Conservation threats

DCIM100GOPRO

The island was part of the route of the Nao de la China, the Spanish galleon. Galleons were the big wooden cargo ships that made the route from China and the Philippines to the New Spain –as it was called Mexico back then.
As the trip was very long, the Spaniards brought some goats with them and set them free at the island, so when they’ll made a stop there they can have fresh meat. But the problem was that Isla Guadalupe doesn’t have any big predators, the biggest one is the burrowing owl, there were no threats for the goats and they proliferated (multiplied) by thousands.
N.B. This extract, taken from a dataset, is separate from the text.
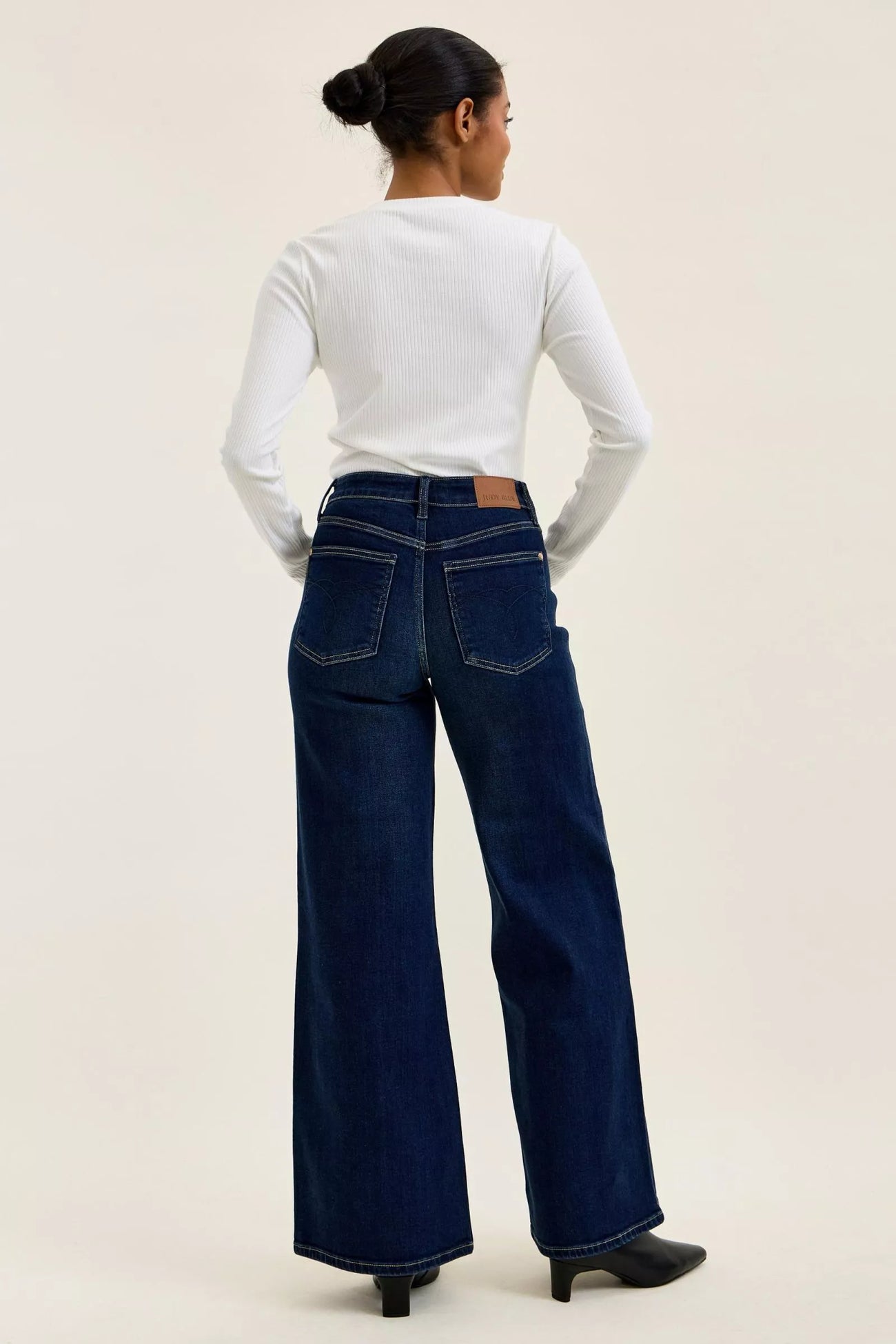 Side view of the DK Judy Blue High-Waisted Wide-Leg Dark Wash Jeans, styled with polished boutique styling for day-to-night outfits, made for women who want easy layering.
Other people say that there were not the Spaniards who introduced the goats at Guadalupe, but the seal hunters in the late 18th Century. Along with goats, came the mice and cockroaches, and at the end of 1950s a small group of fishermen came to fish for abalone and lobster, and with them came the cats –manly to hunt the mice, dogs and even donkeys.  Cats are very good predators, very efficient and generalist – that mean that can prey on a lot of different animals on the island, and thus, they are a very big hazard for the island fauna.
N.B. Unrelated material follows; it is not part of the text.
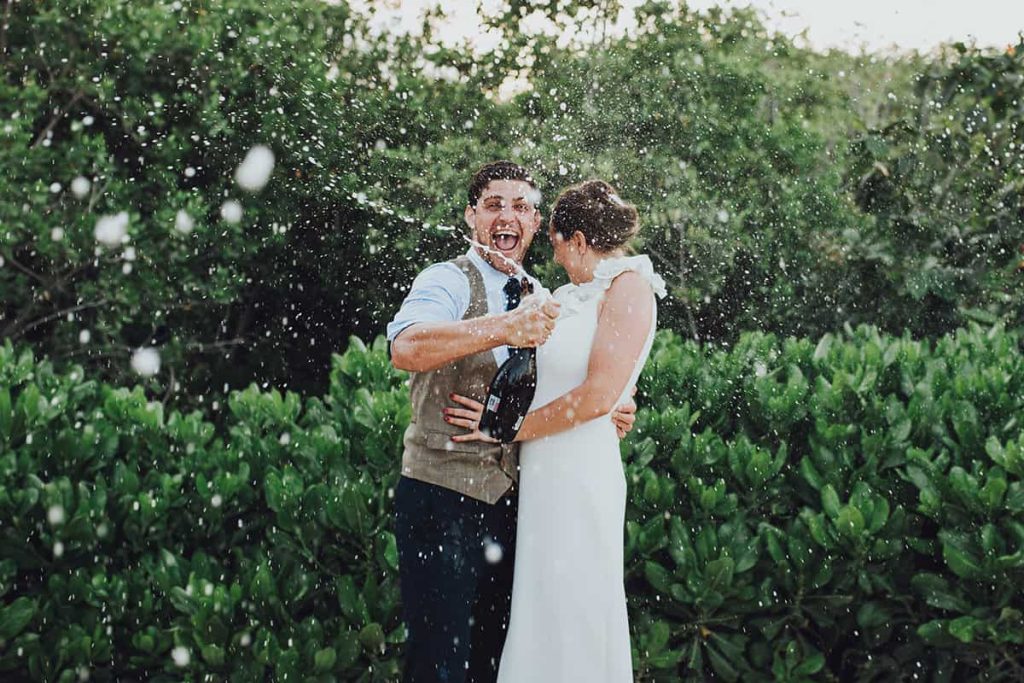 Groom sprays champagne bottle over bride and groom whilst laughing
Island ecosystems are very resilient –this means that they have a very good capacity of recovering after threats, but Guadalupe reached its limit after fighting plague after plague, and began to fade – as a result, some of the very important species that were endemic disappeared, like the Guadalupe night puffin and the caracara.
Vegetation was very affected too, in the late XIX Century, when the first explorers visited the island they found huge extensions of Monterey pines, as well as a very large oak forest and cypresses. By 1923, a joint expedition with scientist and forest engineers from San Diego and Mexico City found that the pine forest was almost inexistent and the oaks were in the verge of extinction, due to the goats.
At the sea, things weren’t any better, since the early XIX century a company of Russian and Aleutian people were hunting seals all over the California and Baja California coasts.  Soon they found that at Isla Guadalupe there was a very large colony of the very valuable Guadalupe fur seals.  The fur of these seals is very fine and it was very much appreciated by furriers. So they started hunting them and sea lions for the fur and elephant seals for its grease and meat, very soon the populations started to decline.